There was a story in the paper the other
day that brought up lots of horrible memories. It was a story of a little girl whose stepfather had murdered her in the bathroom
for eating a yogurt that he had forbidden her to take. He had pushed her head into the toilet multiple times until her body
went limp. People had heard her screaming “Mommy, Mommy- help me!” repeatedly.
In this story, I could really see and identify both with the little girl screaming for her mother to help, and with
the mother who sat there and did nothing. In my hidden memories, there is still a little girl screaming for help. A girl lost
forever in some horror that I still will not let myself fully remember. I have worked through many of the emotions and imagine
going into that place in my rosestory, finding the little girl, comforting her and telling her that we are all grown up and
that this will never happen again- but stories like this in the news, start her screaming all over again. One day at a time,
we comfort her again. Writing like this helps a lot.
I could also understand a woman who was so addicted to a relationship to a man, ) that she would listen to those screams
in absolute horror- and still not be able to do anything at all to help. Her
whole sense of self-esteem was so tied to her relationship with that man, whose self-esteem in turn, was tied to his domination
of her and her children. This is a woman who thought so little of herself, that she felt that she would not be able to emotionally
bear being free of this man who had become a monster. This woman will go to prison, wanting to die rather than listen to her
child’s screams in her head for the rest of her life. And I thank God, that when I was in a similar place, when I feared
for my own life and that of my child, that God gave me the grace, the strength, and the pure luck that I needed to leave.
If there is anything in this story that rings a bell with you, if you are the child or the woman- then do anything
that you can to get help and get out. You are a Rose. You are a Child of God. There
is a song that states, “Lord you are more precious than silver. Lord you are more shining than gold. Lord you are more
beautiful than diamonds, and nothing in this world compares with you.” As a child of God, who was created by God to
become one with Him- the very same thing is true of you. I believe more than anything, that each and every one of us has a
great gift to give to this world. All we have to do is find it, and we will make the world a better place. In addition, if
all of us find our gift and express it, every minute of every day, we will have heaven on earth. The little girl in this story
has already found her heaven. God is already holding her in his arms and wiping every tear from her eyes. In addition, we
are his hands and his feet here on earth.

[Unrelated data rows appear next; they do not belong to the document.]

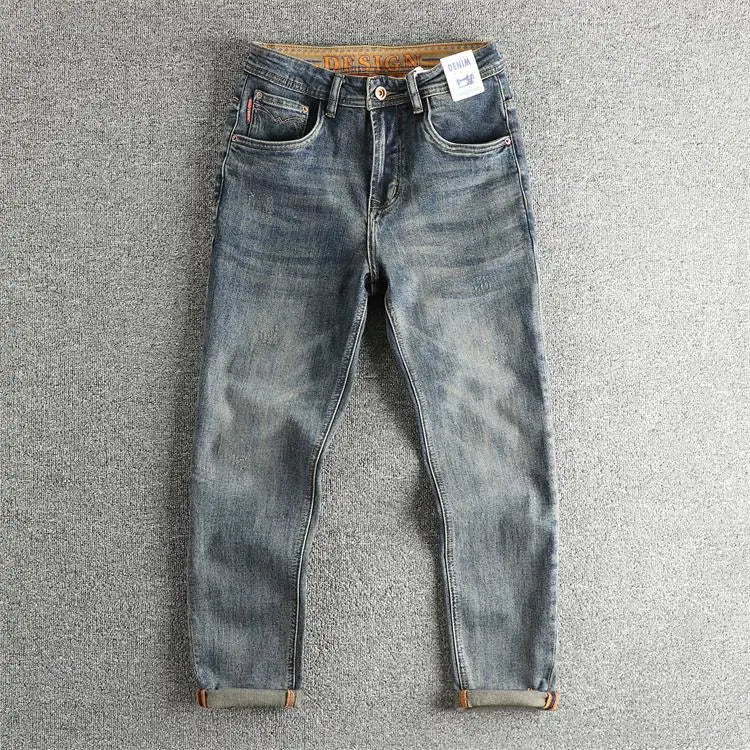 Retro blue wash-fried cat whisker jeans men's high-end custom fabric American fashion brand youth nine-point pants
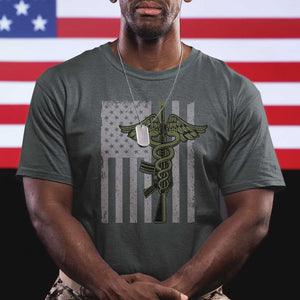 Combat Medic Soldier T Shirt Caduceus Vintage American Flag TS11 Dark Heather Print Your Wear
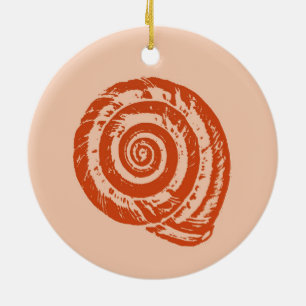 Spiral Seashell Block Print, Coral Orange Ceramic Tree Decoration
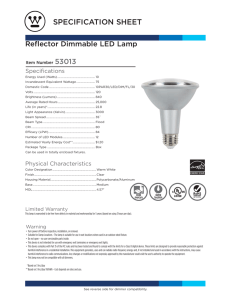 specification sheet - Westinghouse Lighting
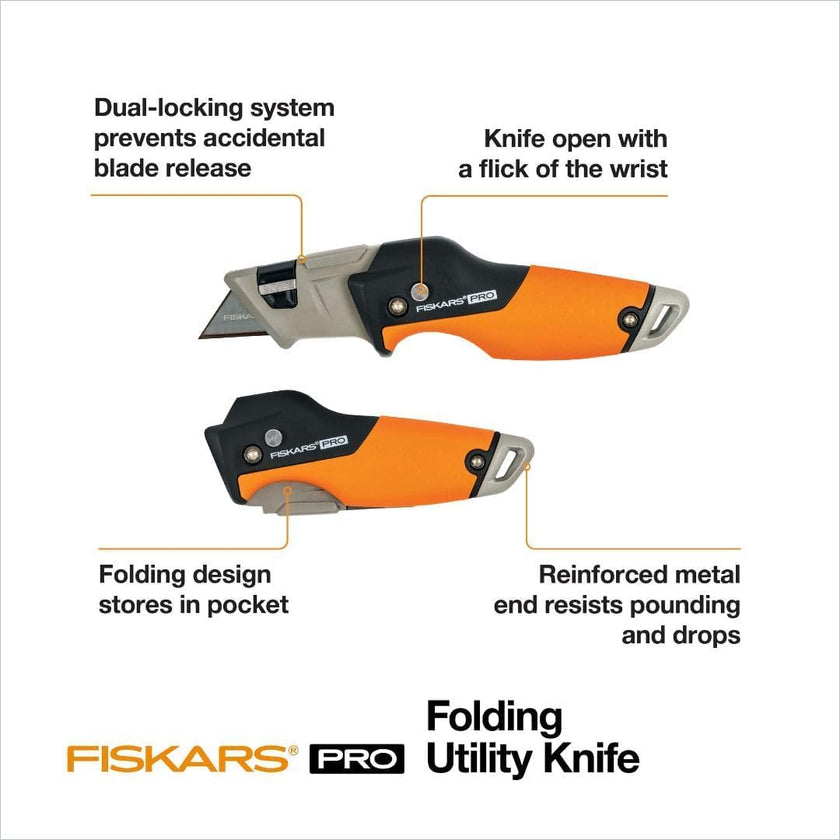 Fiskars Pro Retractable Folding Utility Knife, Box Cutter with Long-Lasting CarbonMax Razor Blade and Dual Lock Safety, Orange/Black 🍁 All In One Marketplace Canada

At this moment, it might not seem like you are worth it. That is what the Discipline of Self-Esteem is all about- treating
yourself with dignity and respect first so that eventually, you will be able to love and appreciate yourself the way God loves
you.
Things that helped me were:
A book, “Facing Love Addiction”
by Pia Melody, and links like these:
National Domestic Violence Hotline: http://www.ndvh.org/
Getting Help http://www.ncadv.org/protectyourself/GettingHelp_128.html
The Signs http://helpguide.org/mental/domestic_violence_abuse_types_signs_causes_effects.htm
P.S.
When I received the inspiration to write this, I thought that I could not. I went to church and the sermon was all
about being the person that God meant for you to be, and I knew that this essay and that this web site was part of being that
person. I thought that writing this would ruin my life- that I would have to say things that I did not want people to know.
It took a few weeks to come to a place where I could write. Now that I have come
to the end of the page, I realize that I did not have to say much about myself- that the story spoke for itself. Never be
afraid of who you are. You are a rose and you are lovely.